Role: Data Governance Lead (Need Insurance Domain Exp)
Location: Remote
Mode: Full Time
Role & Responsibilities Overview:
· Design and develop enterprise-wide data governance programs across on-premises and cloud data estates, incorporating insurance-domain best practices for policy, claims, underwriting, billing, finance, and regulatory reporting data.
· Define governance operating models, ownership structures, stewardship roles, data councils, and escalation mechanisms to improve accountability across business, data product, technology, and analytics teams.
· Develop policies and processes for data collection, storage, access, sharing, usage, quality, archival, privacy, security, technology, tooling, modeling, reporting, and visualization across insurance data assets.
· Establish insurance-specific data standards, naming conventions, business glossaries, data dictionaries, reference data definitions, and canonical data models to drive consistency across policy, claims, customer, producer, product, and coverage datasets.
· Define and implement data quality frameworks covering profiling, validation rules, completeness, accuracy, consistency, timeliness, uniqueness, exception management, issue tracking, root-cause analysis, and remediation workflows.
· Partner with domain owners, data product teams, actuarial, underwriting, claims, operations, compliance, and analytics stakeholders to operationalize data quality controls and improve trust in insurance reporting and decision-making datasets.
· Leverage Azure cloud technologies such as Microsoft Purview, Azure Databricks, Unity Catalog, Azure Data Lake, Azure Synapse, Azure Data Factory, and Azure SQL to enable metadata management, lineage tracking, access control, cataloging, and audit readiness.
· Use Collibra, Ataccama, Informatica Axon/EDC, Alation, or similar governance and data quality platforms to manage business glossaries, stewardship workflows, policy compliance, data quality scorecards, lineage, and governance KPIs.
· Support sensitive data classification and controls for PII, PHI, PCI, financial, and confidential insurance data, ensuring alignment with privacy, security, retention, and compliance requirements.
· Help the Data Governance Committee define governance policies, standards, metrics, adoption roadmaps, compliance checkpoints, and change management processes for enterprise data governance initiatives.
· Lead teams responsible for MDM implementation, data quality engineering, governance analysis, metadata management, data stewardship, and other governance-related delivery activities.
Candidate Profile:
· 8-12 years of experience in designing, implementing, and operationalizing enterprise data governance frameworks across on-premises, cloud, and hybrid data ecosystems.
· Strong experience in the insurance domain is required, with working knowledge of policy, claims, underwriting, billing, customer, producer, product, coverage and finance, and regulatory reporting data.
· Hands-on experience defining data governance operating models, stewardship responsibilities, ownership structures, data councils, governance workflows, and issue escalation processes.

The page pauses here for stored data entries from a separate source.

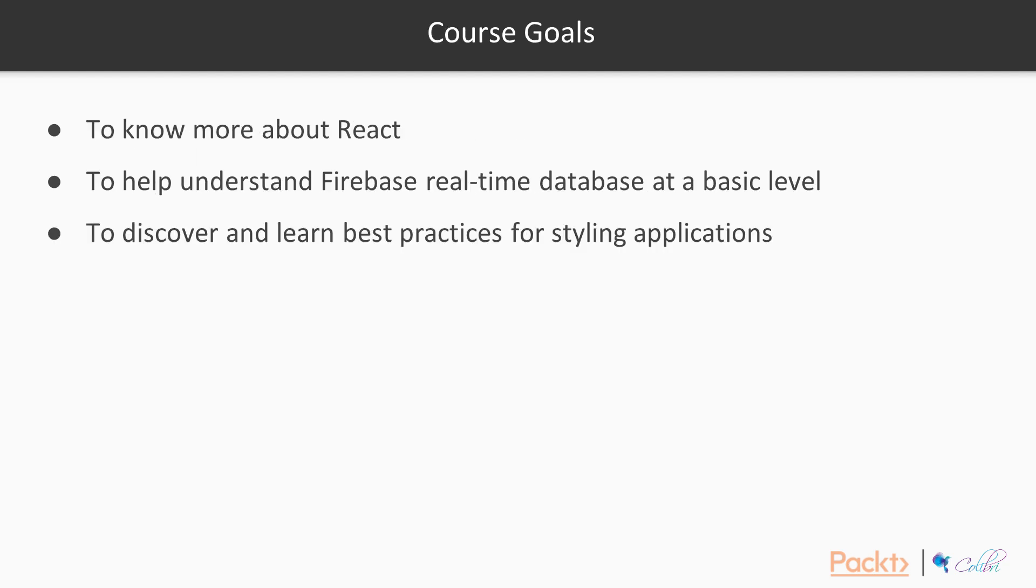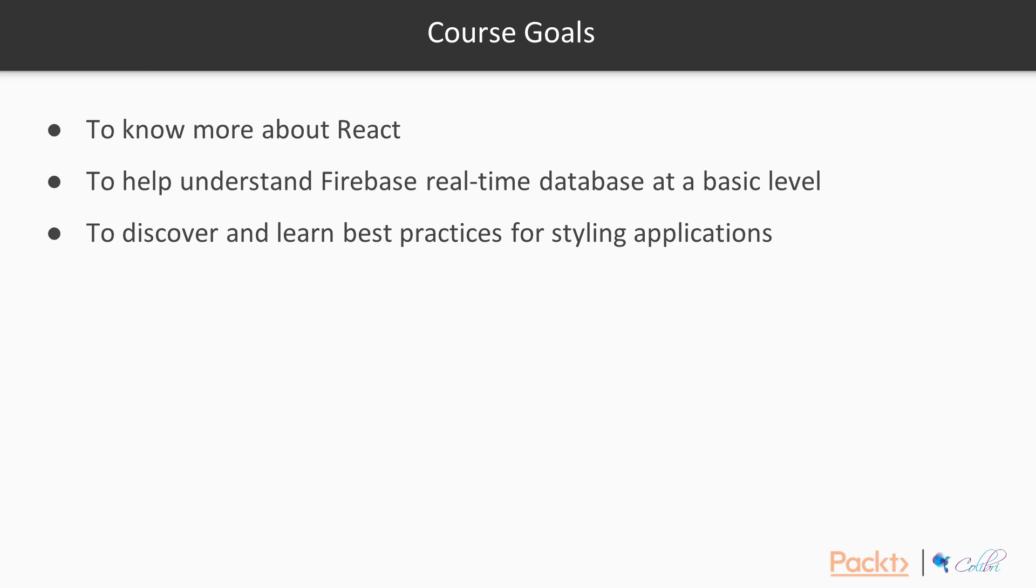The goals for this course are to leave knowing a bit more React than you came with. So you'll already know some hopefully, and hopefully you'll leave seeing a few things you haven't seen before and a few little techniques and tricks that will help you get better at React. And the next thing is to understand what a Firebase real-time database is, how you can use it, and the sorts of things it can do. You won't be an expert in Firebase by the time you finish this course, but you should know what it is, be able to hold a conversation about what it is, and if you're interested, you could probably press on and maybe build some apps with it to understand it more in the future. You should also understand the best practices for styling your application using CSS modules and Flexbox.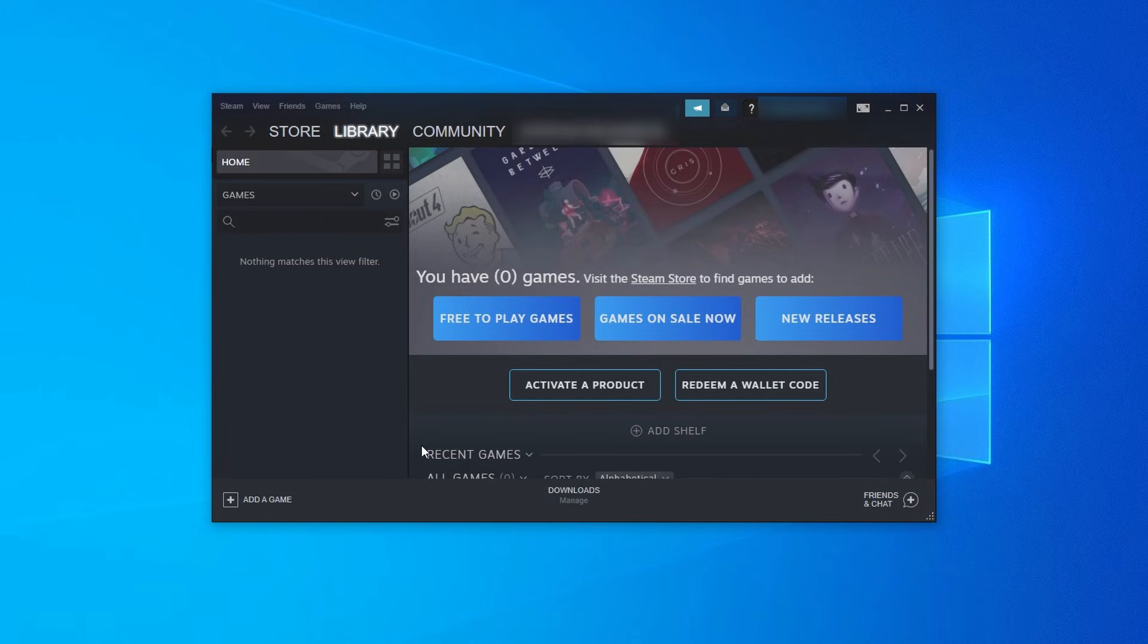In the next video I'll show you how we can activate our Steam account so we can get a Steam profile and get access to features like our friends list.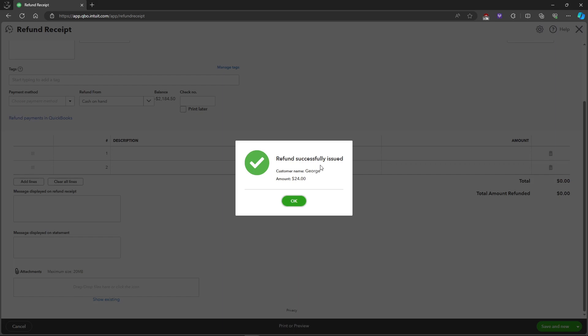And the refund will be successfully issued to the customer named George. And that's about it, that's how you record refunds in QuickBooks Online.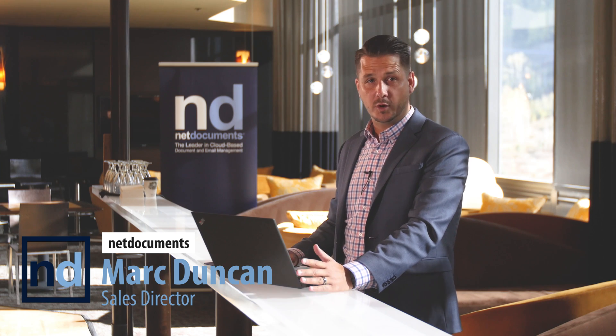Hi, my name is Mark Duncan. I'm sales director here at NetDocuments and today I'm going to give you a quick preview of our new 17.2 user experience.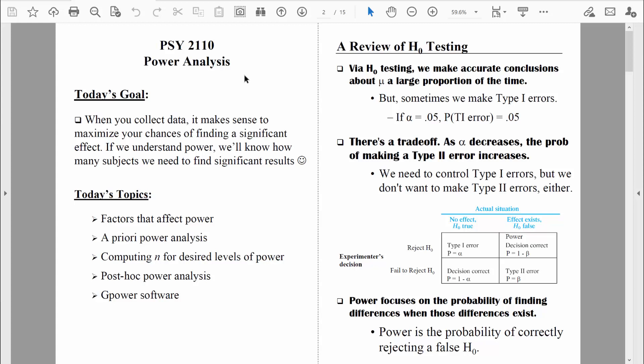Welcome back, everybody. Let's start a new chapter of our course. Specifically, let's start talking about power analysis.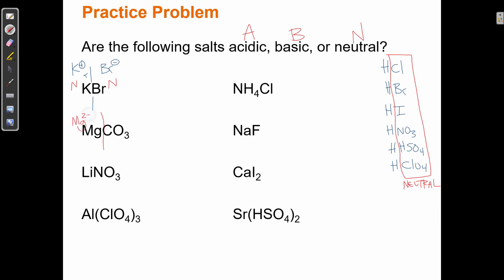For MgCO₃: Mg²⁺ is a cation — it's not 3+ or higher and not ammonium, so it's neutral. CO₃²⁻ is an anion — is it one of our six exceptions? Our exceptions are Cl⁻, Br⁻, I⁻, NO₃⁻, HSO₄⁻, ClO₄⁻. CO₃²⁻ is not on that list, therefore it is basic. A neutral cation plus a basic anion means MgCO₃ is basic.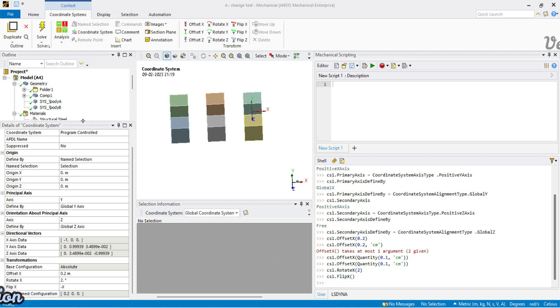That covers coordinate systems — the coordinate systems parent object and individual coordinate system children. Thank you all for watching, see you soon in the next video.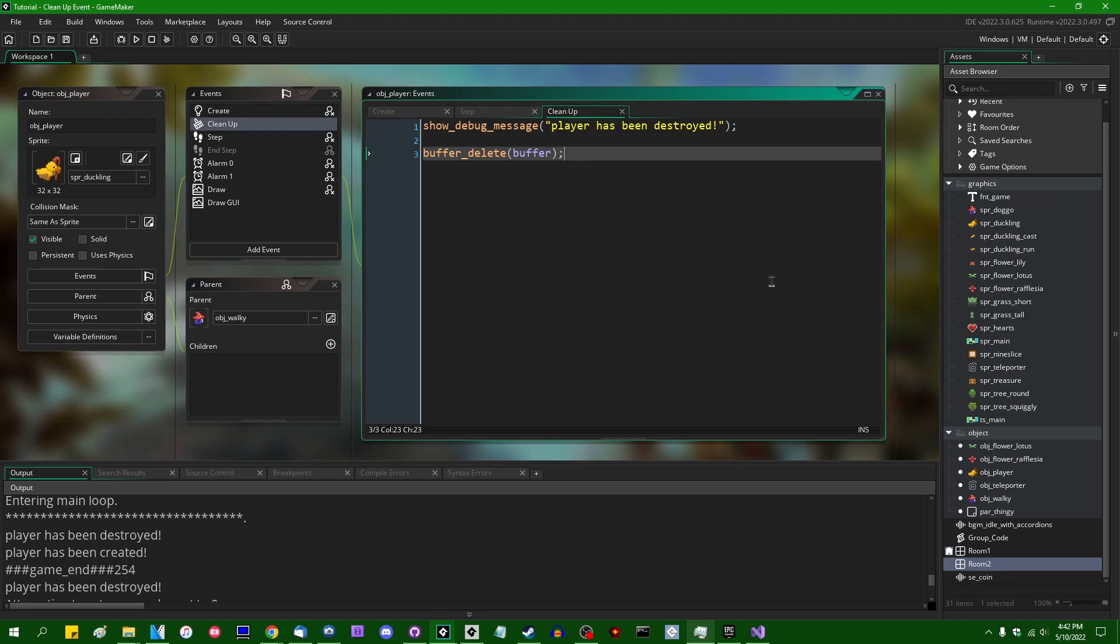Cleanup is more for memory management for things like deleting data structures or buffers or anything else that needs to be deleted lest it pile up and create a memory leak. And destroy is generally best thought of as more gameplay related things. So you might put in the destroy event instead things like if you create a particle effect or an explosion effect or some other thing that happens related to gameplay when an instance is destroyed.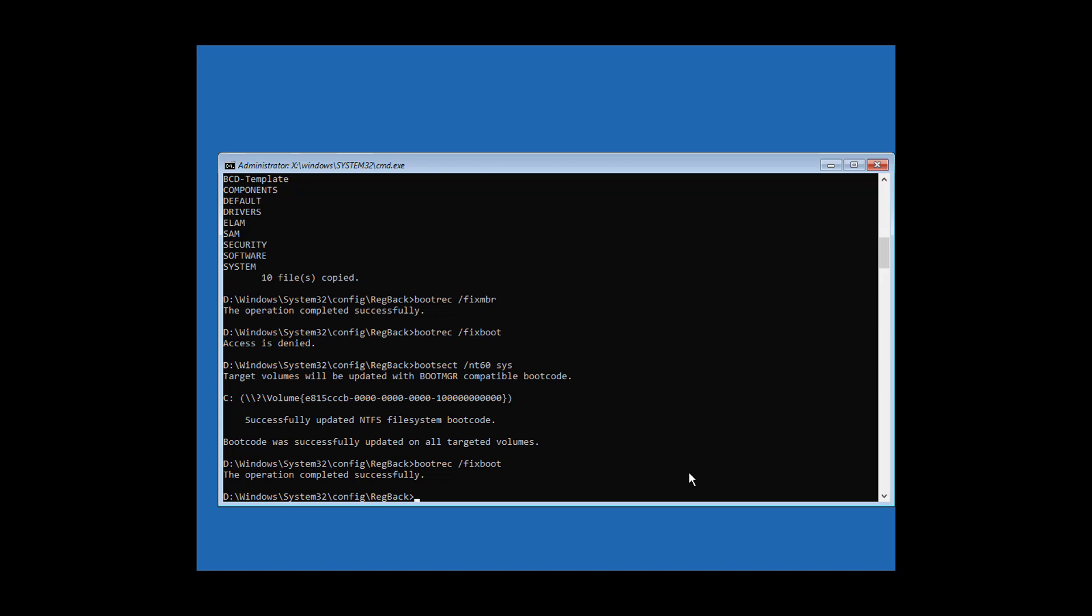Type bcdedit /export c:\bcdbackup to export and back up the boot configuration data.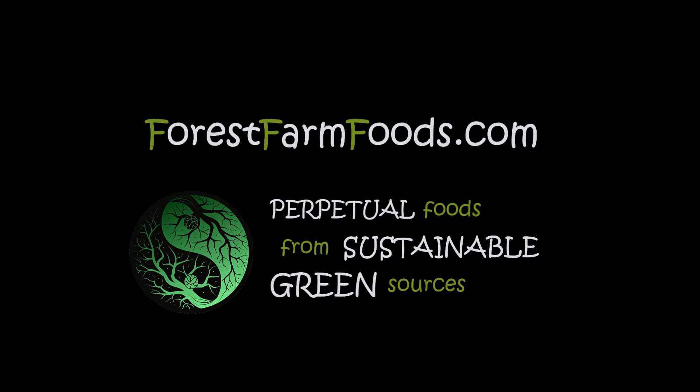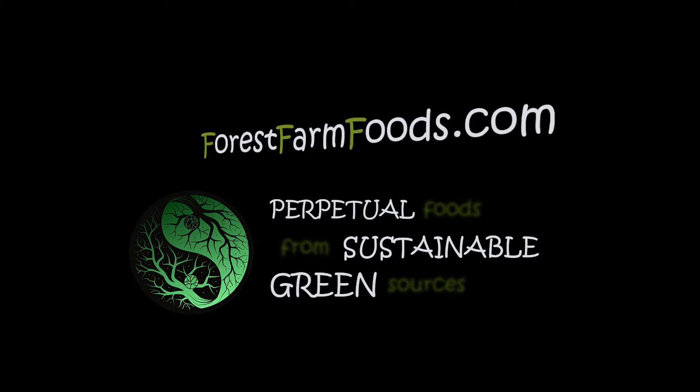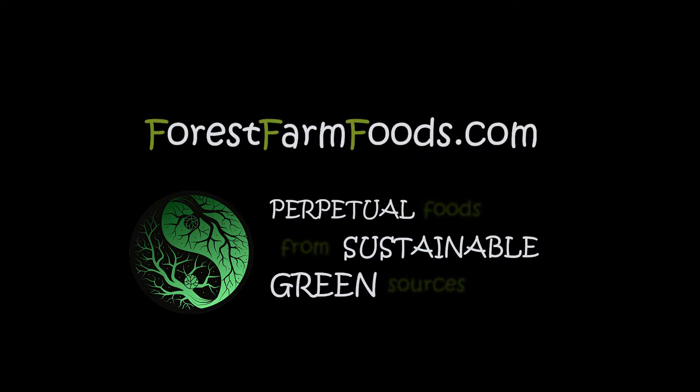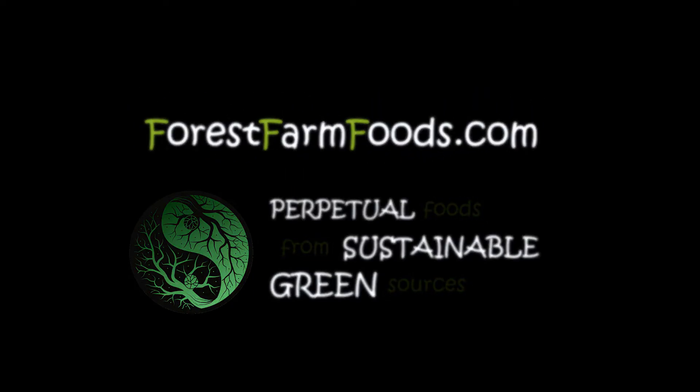Every donation plants trees and fuels the growth of sustainable no-till local food sources for the surrounding communities. Support ForestFarmFoods.com today.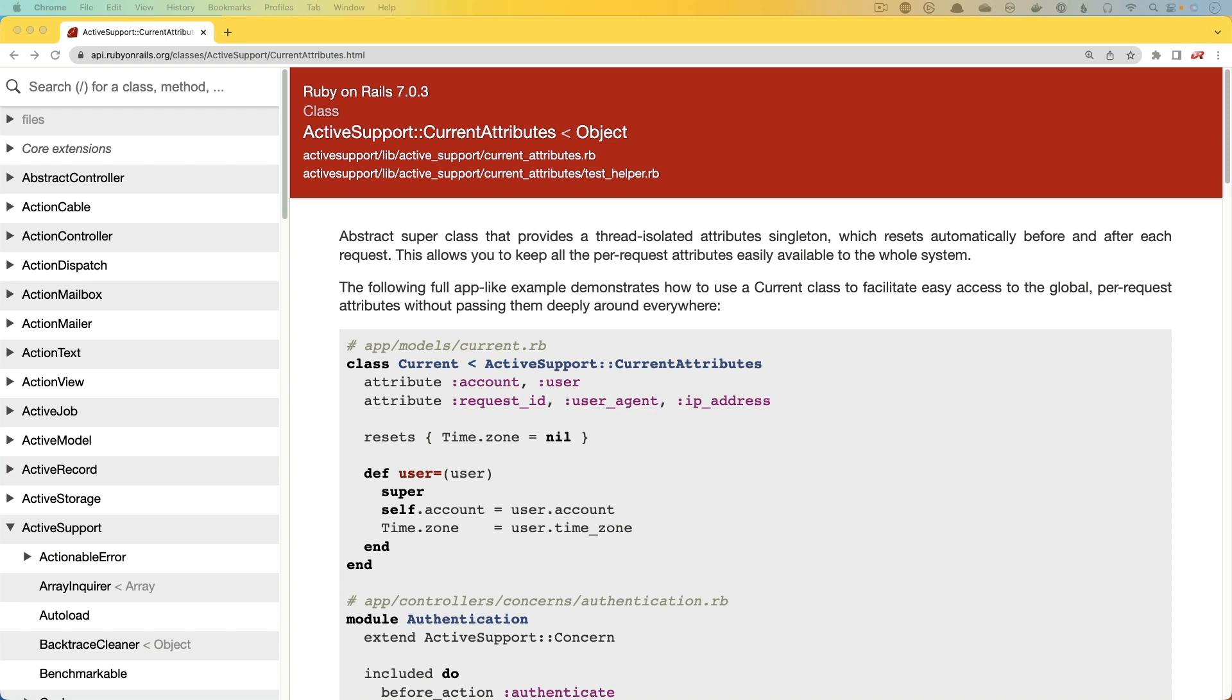In this episode, we're going to have a look at an older feature in Rails called Current Attributes, and it was something that was released back in Rails 5.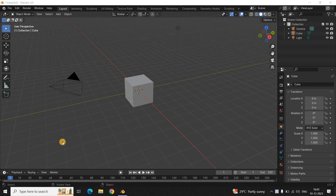Hey guys, welcome back to NextGenBlogger. In this video, I want to show you how you can move objects in Blender. It's actually super easy to move objects in Blender, so without further delay, let's get started and see how you can do this.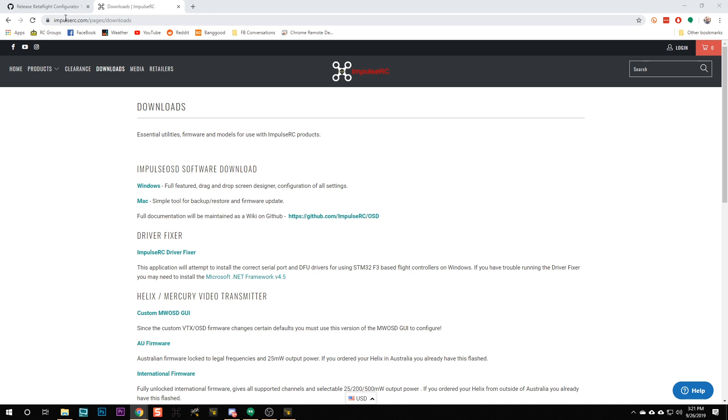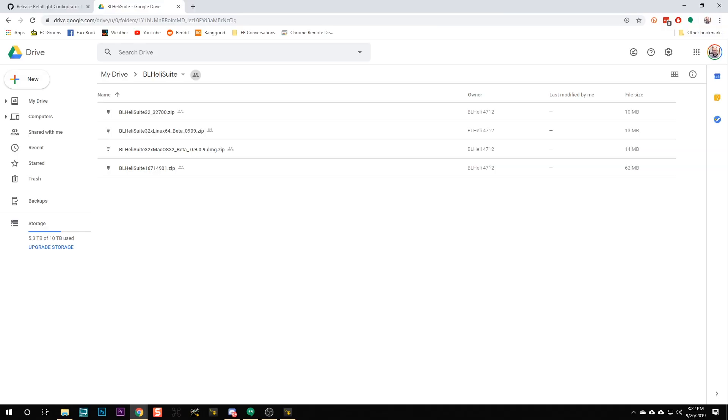If you're on Windows, the next thing I want you to do is go to this URL — link is down in the video description — and download the Impulse RC Driver Fixer. macOS and Linux users don't have this problem, but on Windows there's something that needs to be done to the drivers before you can flash your flight controller. At some point another video will tell you to run the Impulse RC Driver Fixer, so just download it and put it somewhere handy like your desktop.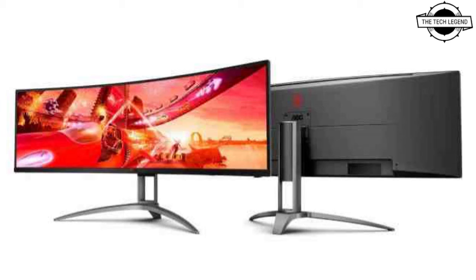In a fully featured gaming setup at a reasonable distance from the monitor, the AG493QCX delivers a great immersive experience. Unlike its QHD sibling, the lower resolution is less taxing on the GPU, bringing the total system cost down.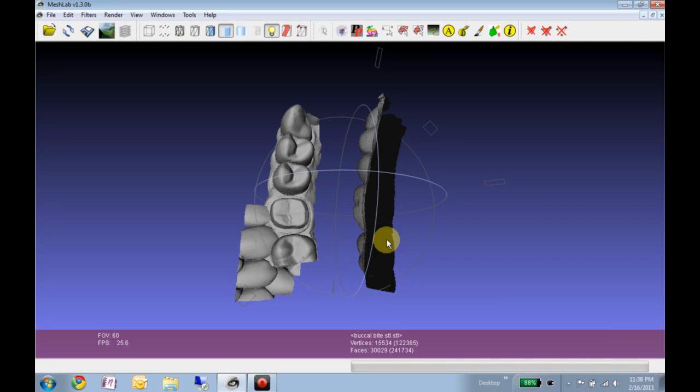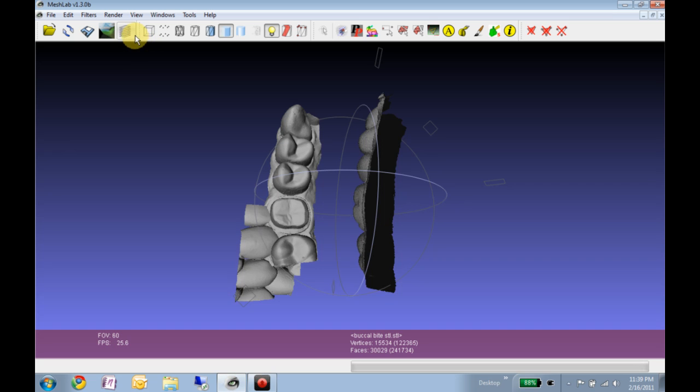Okay, I wanted to show a demo of registering two models together using a buccal bite scan or any kind of registration scan. It could be a facial of the anteriors or anything, but I just wanted to demonstrate the principle.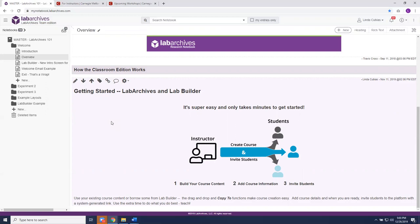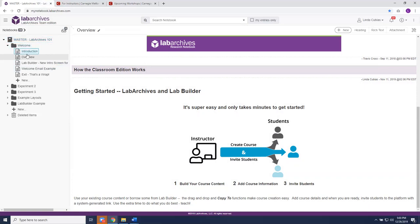Our next step is to walk you through the process of creating a new master course notebook that you can then use and invite students to. We'll start with a brief introduction of the structure of the master course notebook and take you through the notebook navigator and notebook manager tool. Looking at the left panel, this is the structure of our current notebook. We're using a notebook labeled 'Master Lab Archives 101.' Lab Archives is structured on a hierarchy: within the notebook, you create folders; within folders, you can have subfolders; within folders you find pages; and within each page, you find entries. We're going to spend some time building out the pages and using different entry types for adding data.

· Experience establishing insurance-specific data standards, naming conventions, business glossaries, data dictionaries, reference data definitions, canonical data models, and data standardization practices.
· Strong understanding of data quality management, including data profiling, rule definition, validation, completeness, accuracy, consistency, timeliness, uniqueness, exception handling, root-cause analysis, remediation tracking, and quality scorecards.
· Hands-on knowledge of Azure cloud data governance technologies such as Microsoft Purview, Azure Databricks, Unity Catalog, Azure Data Lake, Azure Synapse, Azure Data Factory, and Azure SQL for metadata management, lineage, cataloging, access control, and audit readiness.
· Experience with data governance and data quality platforms such as Collibra, Ataccama, Informatica Axon/EDC, Alation, or similar tools for business glossary management, stewardship workflows, policy compliance, data quality monitoring, and governance KPI reporting.
· Knowledge of sensitive data classification and controls for PII, PHI, PCI, financial, and confidential insurance data, with understanding of privacy, security, retention, and compliance requirements.
· Ability to partner with business, technology, analytics, actuarial, underwriting, claims, compliance, and data product stakeholders to drive governance adoption and improve trust in enterprise data assets.
· Based out of the US, with the ability to work closely with client stakeholders across business and technology teams.